Wat opvalt in het Evangelie van deze zondag 1) is dat een aantal van de apostelen naar het meer van Tiberias is gegaan. Dat is de plek waar Jezus zijn eerste leerlingen geroepen heeft. Nu Jezus niet meer op de gewone manier bij hen is, beginnen ze dus bij het begin van hun ontmoeting met Jezus en hun roeping toen ze voor het eerst de belofte gehoord hebben: “Ik zal maken dat jullie vissers van mensen wordt”.

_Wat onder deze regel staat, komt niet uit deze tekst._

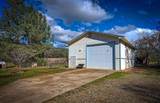 5747 Wilson Hill Road - Photo 26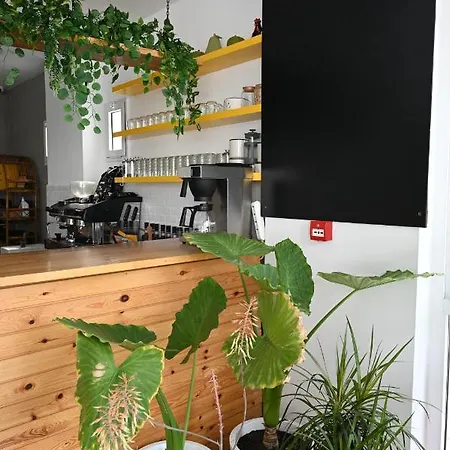 Badoka Boutique Hotel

Misschien houdt dit ook wel een goede raad voor de kerk van nu in en voor ons als gelovigen. Dat we als we niet weten hoe we verder moeten als kerk en als gelovigen dat we dan bij dat begin beginnen. Dat we ons te binnen brengen waar en hoe Jezus ons voor het eerst geraakt en geroepen heeft. Herinneren we ons dat nog? Koesteren we dat nog? Het moment waarop ons geloof niet langer een zaak was van de opvoeding en van onze omgeving maar dat we ons persoonlijk aangesproken voelden en in welke levensfase en onder welke omstandigheden.

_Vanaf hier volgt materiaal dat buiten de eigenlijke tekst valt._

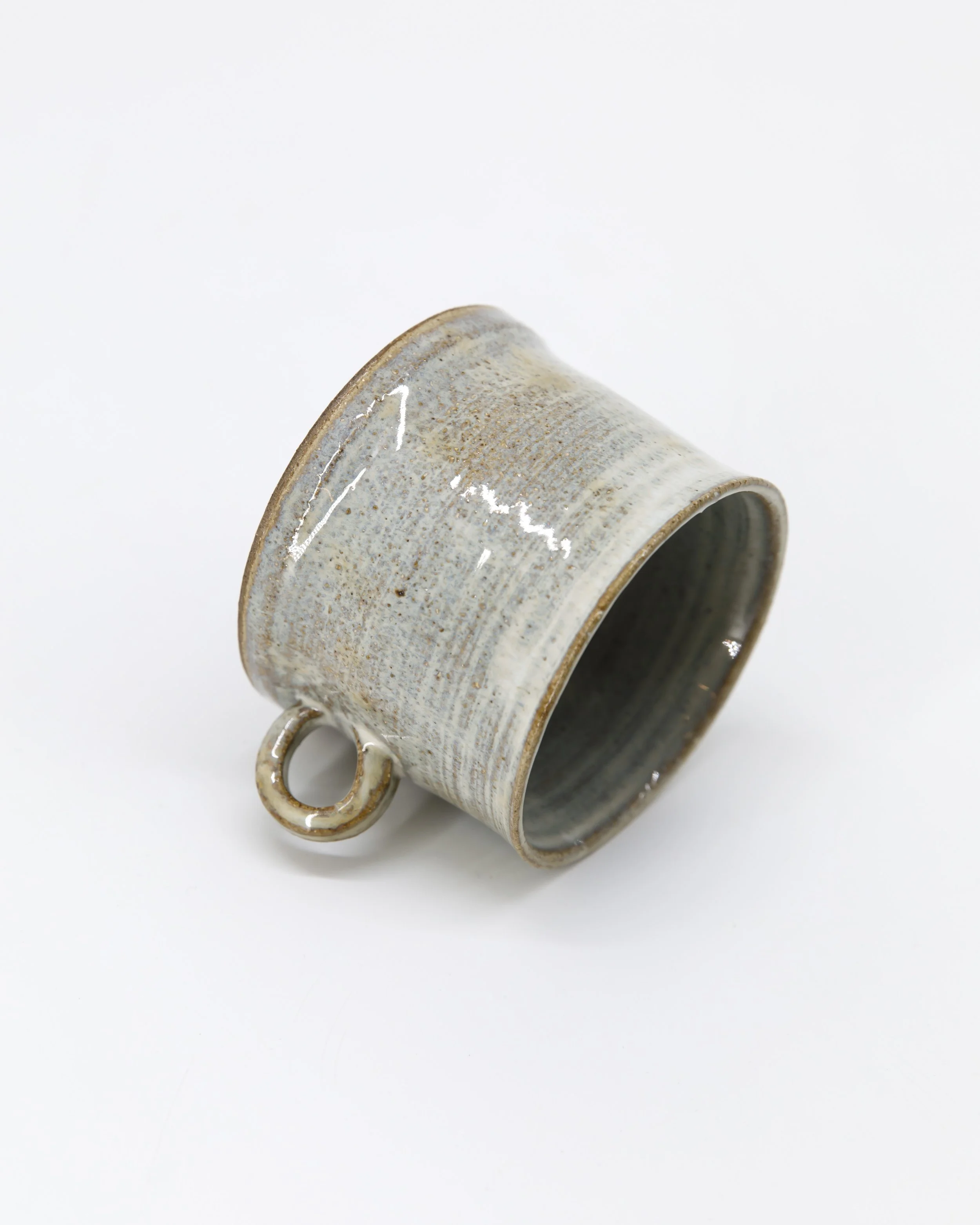 AC4A3237.JPG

Soms moeten we gewoon weer bij dat begin beginnen. Zoals Petrus en zijn medeapostelen deden. Want kijk, wie staat daar aan de oever van het meer? Een man die roept: “vrienden, hebben jullie soms wat vis?” Horen we dat goed? Hij roept “vrienden”. Tijdens het laatste avondmaal had Jezus gezegd:” Ik heb u vrienden genoemd, want een knecht weet niet wat zijn heer doet, maar ik heb jullie alles bekend gemaakt wat de Vader tot mij gezegd heeft. Niet jullie hebben mij uitgekozen maar ik u”. Die onbekende man aan de oever noemt hen vrienden. Het is degene die hen geroepen heeft. Hij is het weer. net als in het begin. “Hebben jullie wat vis voor mij?” “Nee” zeggen ze.
“Werp u net uit aan de andere kant’.  Het volgende moment stromen de netten vol vissen als door een magneet aangetrokken. Was dat ook niet indertijd zo toen Jezus hen opdracht gaf hun netten uit te werpen?

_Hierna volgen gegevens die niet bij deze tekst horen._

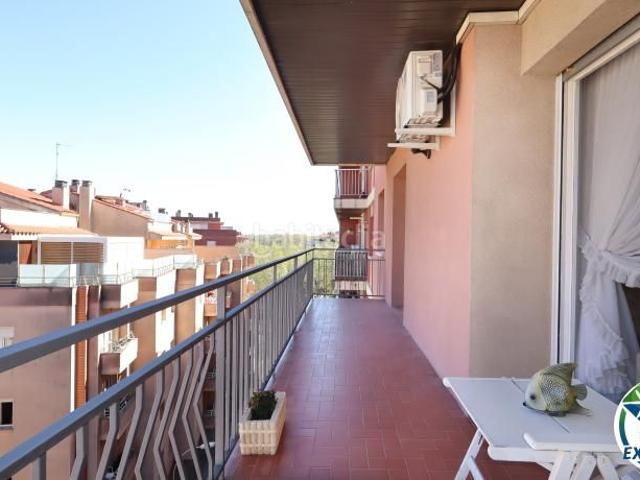 Apartamento en venta en Figueres, Creu de la Mà. Apartamento en venta en Figueres Girona. Apartamentos.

“Het is de Heer” zegt de apostel die Jezus lief had tegen Petrus. Wanneer wij de moed hebben om als kerk en gelovigen terug te keren naar het begin toen de kerk of ons persoonlijk geloof nog in de kinderschoenen stond, zullen we ook de stem van de Heer opnieuw gaan verstaan. En dat begint met luisteren. Luisteren naar de Heer die ons “vrienden” noemt. Wat heerlijk, wat veelbelovend. Luisteren ook naar elkaar: “Het is de Heer” zegt de apostel van wie Jezus veel hield. Petrus die de leiding heeft, luistert zonder aarzelen naar hem. En hij stapt het water in om als eerste bij Jezus te zijn.
Beginnen bij het begin, doen als geloof en kerk nog in de kinderschoenen staan, dat is wat paus Franciscus bedoelt met “op weg naar een synodale kerk”. Petrus luistert naar Johannes. “Het is de Heer!” Het ambt in onze kerk is belangrijk. Het is een ordening die Jezus zelf heeft ingesteld. Maar de kerk is ook vol personen, mannen en vrouwen die Jezus bijzonder liefheeft. Gewone gelovigen, die juist daardoor intuitief aanvoelen waar de Heer aan het werk is en welke weg hij ons wijst. Laten we luisteren naar elkaar. Laten we met gebed en oprechte interesse uitzien naar de uitkomsten van het synodale proces in de parochies, de bisdommen, ons land, Europa, heel de wereld. Maar laten we vooral ook doorgaan met het gelovige gesprek als christenen onder elkaar en met onze medemensen.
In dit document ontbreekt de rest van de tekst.